Your instructions: A line below contains "What changes now", and a later one contains "Hey guys and". Repeat both, with every line between them, exactly.

Data under study:

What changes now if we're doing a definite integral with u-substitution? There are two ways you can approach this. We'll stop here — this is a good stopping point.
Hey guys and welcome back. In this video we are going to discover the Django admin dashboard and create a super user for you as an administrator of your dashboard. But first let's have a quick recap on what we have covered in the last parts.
==
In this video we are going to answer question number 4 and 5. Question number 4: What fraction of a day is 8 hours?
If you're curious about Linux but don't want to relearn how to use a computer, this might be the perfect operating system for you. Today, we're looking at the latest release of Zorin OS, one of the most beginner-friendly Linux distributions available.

Answer area:
What changes now if we're doing a definite integral with u-substitution? There are two ways you can approach this. We'll stop here — this is a good stopping point.
Hey guys and welcome back. In this video we are going to discover the Django admin dashboard and create a super user for you as an administrator of your dashboard. But first let's have a quick recap on what we have covered in the last parts.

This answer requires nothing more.